%%
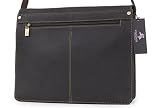 Visconti - Męska Skórzana Listonoszka na Ramię - Średnia Torba na Laptopa 12 13 Cali - Torba to Pracy na Notesy A4-18797 Gianni - Olejowy Brązowy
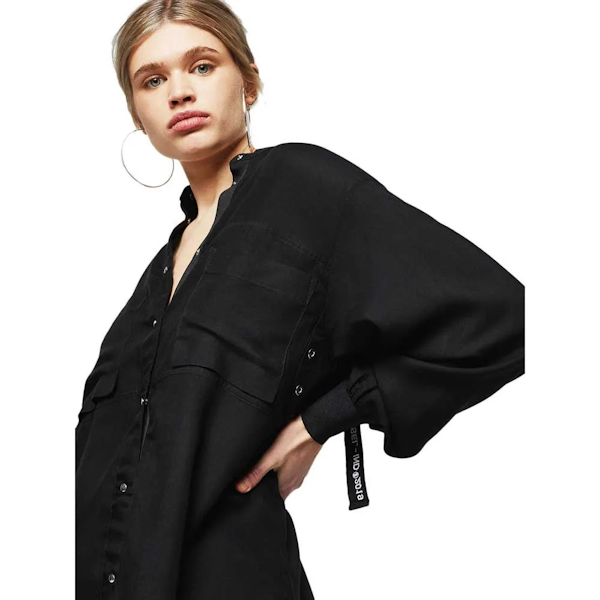 VESTIDO CAMISERO FEMENINO DIESEL D-SUPER-D ROBE MANGAS LARGAS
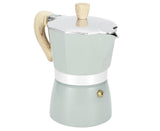 Stovetop Coffee Maker, Aluminum Moka Pot Kettle for Home Kitchen, 150ml V1263-JX-2994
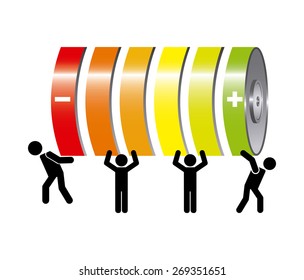 battery concept design, vector illustration eps10 graphic 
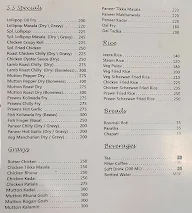 Snack Shack menu 1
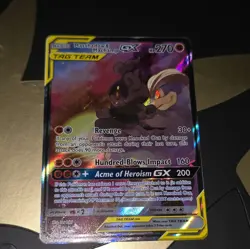 Pokemon Marshadow & Machamp GX TAG TEAM 199/214 Unbroken Bonds Holo Ultra Rare - Image 1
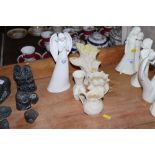 Five items of Belleek porcelain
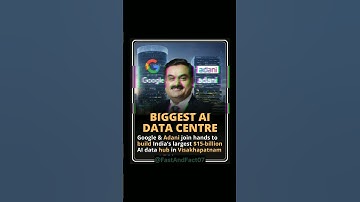 Google & Adani to build India’s biggest $15B AI Data Centre in Visakhapatnam 🚀 #AI #Adani #Google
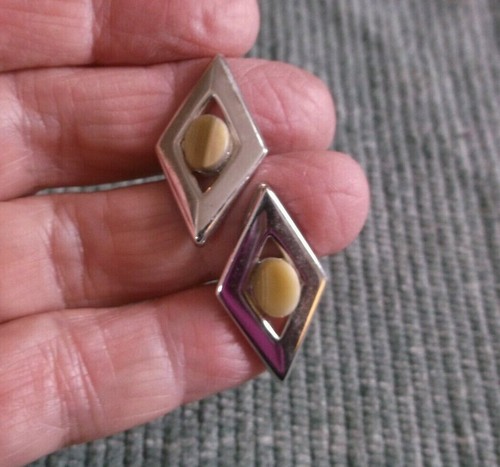 Boutons De Manchette Vintage SWANK 5117 En Finition Argentée – Élégance Rétro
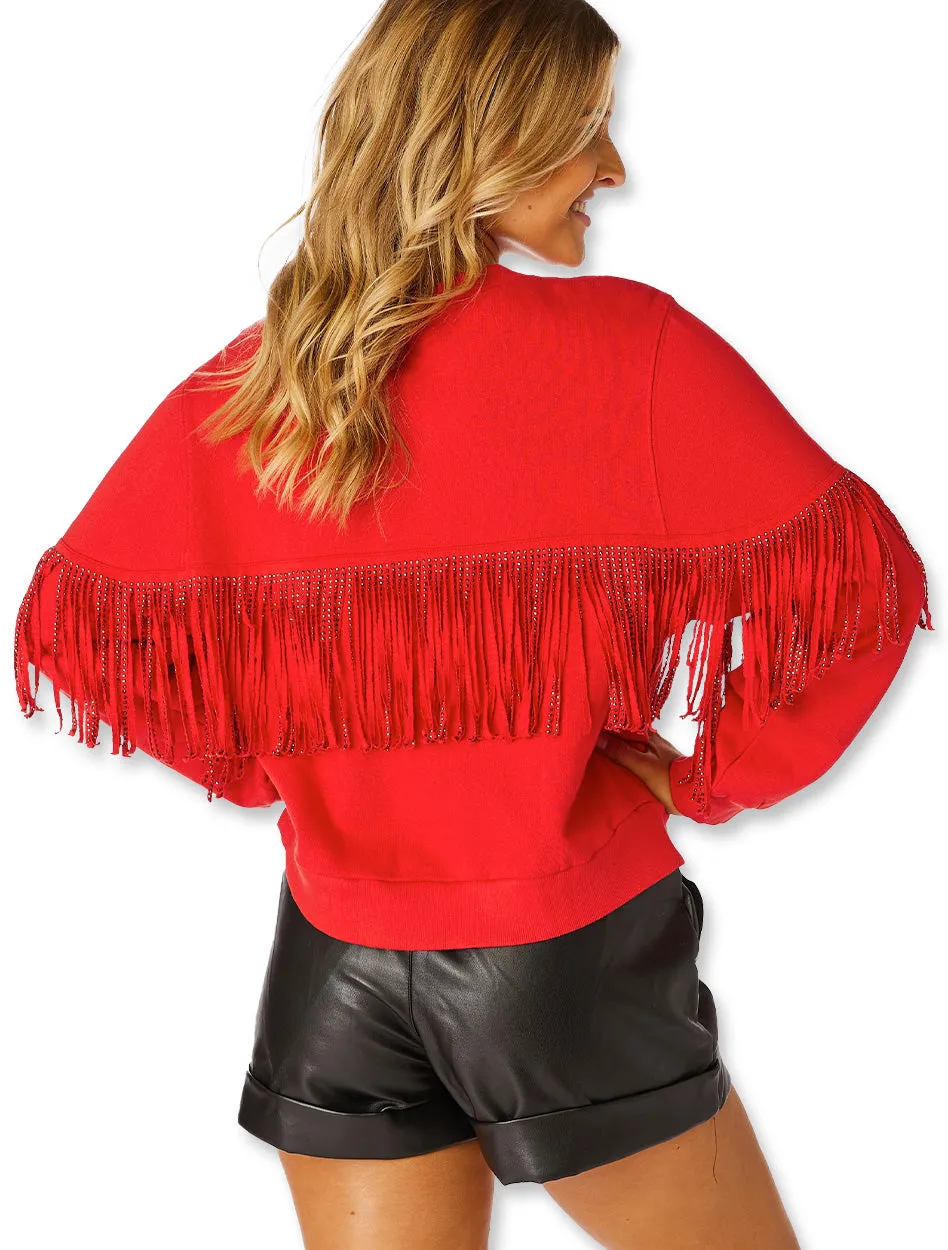 Texas Tech Stewart Simmons "The Fringe Sweatshirt"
%%
TRY IT: From the line containing "VESTIDO CAMISERO FEMENINO" down to the last line of the entries above, set down every line exactly. Omit all pictures.

EXERCISE RESPONSE:
 VESTIDO CAMISERO FEMENINO DIESEL D-SUPER-D ROBE MANGAS LARGAS
 Stovetop Coffee Maker, Aluminum Moka Pot Kettle for Home Kitchen, 150ml V1263-JX-2994
 battery concept design, vector illustration eps10 graphic 
 Snack Shack menu 1
 Pokemon Marshadow & Machamp GX TAG TEAM 199/214 Unbroken Bonds Holo Ultra Rare - Image 1
 Five items of Belleek porcelain
 Google & Adani to build India’s biggest $15B AI Data Centre in Visakhapatnam 🚀 #AI #Adani #Google
 Boutons De Manchette Vintage SWANK 5117 En Finition Argentée – Élégance Rétro
 Texas Tech Stewart Simmons "The Fringe Sweatshirt"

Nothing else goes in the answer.